Saved entries:
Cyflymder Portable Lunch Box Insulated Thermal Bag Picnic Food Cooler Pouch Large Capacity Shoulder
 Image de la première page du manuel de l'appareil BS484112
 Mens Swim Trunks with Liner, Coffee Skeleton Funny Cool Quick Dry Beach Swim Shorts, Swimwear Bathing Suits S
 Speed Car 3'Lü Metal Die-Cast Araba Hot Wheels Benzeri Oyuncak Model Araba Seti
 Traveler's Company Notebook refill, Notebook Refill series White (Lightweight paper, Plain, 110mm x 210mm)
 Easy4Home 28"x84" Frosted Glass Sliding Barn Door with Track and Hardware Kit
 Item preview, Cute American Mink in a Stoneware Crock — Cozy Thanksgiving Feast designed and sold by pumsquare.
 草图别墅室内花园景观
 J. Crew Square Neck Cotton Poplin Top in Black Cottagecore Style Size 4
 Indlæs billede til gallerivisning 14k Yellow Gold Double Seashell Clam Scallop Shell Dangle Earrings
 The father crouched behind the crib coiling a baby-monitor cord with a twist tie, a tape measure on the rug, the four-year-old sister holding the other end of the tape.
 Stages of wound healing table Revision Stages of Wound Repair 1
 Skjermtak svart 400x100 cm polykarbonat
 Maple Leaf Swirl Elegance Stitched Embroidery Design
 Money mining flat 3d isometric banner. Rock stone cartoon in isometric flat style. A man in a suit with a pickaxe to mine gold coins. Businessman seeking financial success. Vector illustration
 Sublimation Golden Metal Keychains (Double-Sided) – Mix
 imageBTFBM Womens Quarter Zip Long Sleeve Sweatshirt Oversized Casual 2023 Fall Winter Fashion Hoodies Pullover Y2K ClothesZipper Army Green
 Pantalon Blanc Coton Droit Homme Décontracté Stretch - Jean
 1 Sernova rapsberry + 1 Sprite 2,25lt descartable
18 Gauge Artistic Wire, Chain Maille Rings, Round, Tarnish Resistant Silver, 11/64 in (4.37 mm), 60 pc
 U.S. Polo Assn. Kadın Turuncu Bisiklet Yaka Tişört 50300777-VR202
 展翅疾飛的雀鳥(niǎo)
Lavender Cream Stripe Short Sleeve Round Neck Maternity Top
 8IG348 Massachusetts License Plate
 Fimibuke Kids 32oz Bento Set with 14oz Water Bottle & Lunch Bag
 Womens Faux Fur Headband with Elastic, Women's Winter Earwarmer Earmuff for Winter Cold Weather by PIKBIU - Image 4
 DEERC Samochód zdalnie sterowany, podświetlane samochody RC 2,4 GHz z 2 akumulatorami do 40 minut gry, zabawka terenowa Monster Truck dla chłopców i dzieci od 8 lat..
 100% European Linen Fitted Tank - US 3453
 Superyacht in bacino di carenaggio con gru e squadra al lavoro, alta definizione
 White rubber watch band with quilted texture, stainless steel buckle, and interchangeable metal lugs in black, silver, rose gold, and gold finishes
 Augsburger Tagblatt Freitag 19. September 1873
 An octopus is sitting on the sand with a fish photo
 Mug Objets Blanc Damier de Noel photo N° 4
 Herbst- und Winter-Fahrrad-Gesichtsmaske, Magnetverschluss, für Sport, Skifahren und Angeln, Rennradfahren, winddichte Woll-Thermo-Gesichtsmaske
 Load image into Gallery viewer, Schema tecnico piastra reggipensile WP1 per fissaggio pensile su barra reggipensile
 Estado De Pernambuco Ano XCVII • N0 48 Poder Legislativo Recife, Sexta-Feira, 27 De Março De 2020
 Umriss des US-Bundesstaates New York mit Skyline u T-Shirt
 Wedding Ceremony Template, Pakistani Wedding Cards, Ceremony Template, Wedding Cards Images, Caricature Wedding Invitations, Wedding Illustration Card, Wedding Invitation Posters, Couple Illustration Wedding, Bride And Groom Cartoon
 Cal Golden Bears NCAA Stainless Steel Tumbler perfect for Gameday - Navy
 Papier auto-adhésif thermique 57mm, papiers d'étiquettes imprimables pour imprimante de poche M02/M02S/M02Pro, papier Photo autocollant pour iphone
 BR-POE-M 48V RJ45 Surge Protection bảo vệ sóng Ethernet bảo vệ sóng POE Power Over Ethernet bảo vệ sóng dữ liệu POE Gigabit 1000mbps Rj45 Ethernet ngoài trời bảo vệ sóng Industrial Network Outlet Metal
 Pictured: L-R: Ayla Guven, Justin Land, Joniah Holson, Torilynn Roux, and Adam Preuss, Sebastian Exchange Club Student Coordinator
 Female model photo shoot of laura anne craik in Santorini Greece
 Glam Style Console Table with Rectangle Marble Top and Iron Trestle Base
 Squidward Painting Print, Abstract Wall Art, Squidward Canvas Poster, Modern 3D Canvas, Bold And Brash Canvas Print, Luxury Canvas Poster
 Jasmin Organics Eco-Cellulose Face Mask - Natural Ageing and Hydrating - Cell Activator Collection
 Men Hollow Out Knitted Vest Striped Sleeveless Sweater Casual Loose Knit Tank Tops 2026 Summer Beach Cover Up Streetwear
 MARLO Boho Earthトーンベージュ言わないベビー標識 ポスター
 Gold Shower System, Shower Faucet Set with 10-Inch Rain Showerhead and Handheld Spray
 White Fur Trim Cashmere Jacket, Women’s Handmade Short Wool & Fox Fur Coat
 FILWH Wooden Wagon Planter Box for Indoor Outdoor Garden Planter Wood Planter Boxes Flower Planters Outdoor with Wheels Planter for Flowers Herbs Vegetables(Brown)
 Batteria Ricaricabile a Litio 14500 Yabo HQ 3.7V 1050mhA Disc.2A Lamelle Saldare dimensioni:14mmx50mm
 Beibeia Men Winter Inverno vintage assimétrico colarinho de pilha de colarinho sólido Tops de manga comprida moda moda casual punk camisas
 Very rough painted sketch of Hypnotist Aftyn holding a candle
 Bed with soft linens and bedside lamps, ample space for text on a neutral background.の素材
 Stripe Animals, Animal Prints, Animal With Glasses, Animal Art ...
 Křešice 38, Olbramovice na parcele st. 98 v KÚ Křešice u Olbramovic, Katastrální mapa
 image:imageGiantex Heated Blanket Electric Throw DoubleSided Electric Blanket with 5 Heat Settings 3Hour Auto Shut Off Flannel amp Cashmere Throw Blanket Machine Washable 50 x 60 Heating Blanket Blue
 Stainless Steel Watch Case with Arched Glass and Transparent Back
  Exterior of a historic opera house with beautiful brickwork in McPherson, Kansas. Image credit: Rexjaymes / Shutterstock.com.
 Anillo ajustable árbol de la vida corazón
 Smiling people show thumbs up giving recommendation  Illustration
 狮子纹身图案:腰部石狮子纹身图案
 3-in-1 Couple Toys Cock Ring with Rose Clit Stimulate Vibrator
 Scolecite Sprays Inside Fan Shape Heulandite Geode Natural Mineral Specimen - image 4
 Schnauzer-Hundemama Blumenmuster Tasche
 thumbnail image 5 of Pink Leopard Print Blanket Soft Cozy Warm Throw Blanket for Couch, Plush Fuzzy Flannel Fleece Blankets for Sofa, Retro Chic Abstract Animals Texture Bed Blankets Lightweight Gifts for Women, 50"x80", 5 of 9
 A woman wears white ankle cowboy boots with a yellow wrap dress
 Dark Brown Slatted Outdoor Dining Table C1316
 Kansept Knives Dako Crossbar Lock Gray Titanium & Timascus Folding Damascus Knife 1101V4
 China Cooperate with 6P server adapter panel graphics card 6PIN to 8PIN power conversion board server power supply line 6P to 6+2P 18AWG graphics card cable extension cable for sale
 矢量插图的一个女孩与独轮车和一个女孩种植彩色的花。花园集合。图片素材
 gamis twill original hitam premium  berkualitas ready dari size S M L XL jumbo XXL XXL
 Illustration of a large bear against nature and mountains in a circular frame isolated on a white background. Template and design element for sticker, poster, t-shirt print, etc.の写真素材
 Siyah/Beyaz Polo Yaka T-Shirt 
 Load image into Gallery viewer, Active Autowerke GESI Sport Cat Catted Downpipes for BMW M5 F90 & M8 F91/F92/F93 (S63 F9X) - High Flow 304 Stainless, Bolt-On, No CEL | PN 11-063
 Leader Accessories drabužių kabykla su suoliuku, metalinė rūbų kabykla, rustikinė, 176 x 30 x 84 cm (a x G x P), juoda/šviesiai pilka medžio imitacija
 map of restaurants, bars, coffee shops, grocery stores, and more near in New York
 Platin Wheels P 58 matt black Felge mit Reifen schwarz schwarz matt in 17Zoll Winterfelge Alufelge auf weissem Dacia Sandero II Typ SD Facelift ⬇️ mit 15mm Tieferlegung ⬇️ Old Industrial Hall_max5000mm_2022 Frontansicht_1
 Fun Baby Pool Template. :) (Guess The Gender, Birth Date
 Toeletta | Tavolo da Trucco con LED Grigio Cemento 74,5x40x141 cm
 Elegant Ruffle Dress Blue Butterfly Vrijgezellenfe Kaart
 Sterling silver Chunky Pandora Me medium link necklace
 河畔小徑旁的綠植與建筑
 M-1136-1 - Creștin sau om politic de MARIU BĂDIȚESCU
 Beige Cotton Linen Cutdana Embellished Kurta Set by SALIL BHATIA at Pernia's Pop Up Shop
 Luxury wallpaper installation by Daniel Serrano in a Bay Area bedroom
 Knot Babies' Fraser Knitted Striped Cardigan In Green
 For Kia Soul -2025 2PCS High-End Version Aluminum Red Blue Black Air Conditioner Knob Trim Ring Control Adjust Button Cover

What you have to do:
Among the lines above, return those that contain the string "Knitted".

Solution for this task:
 Men Hollow Out Knitted Vest Striped Sleeveless Sweater Casual Loose Knit Tank Tops 2026 Summer Beach Cover Up Streetwear
 Knot Babies' Fraser Knitted Striped Cardigan In Green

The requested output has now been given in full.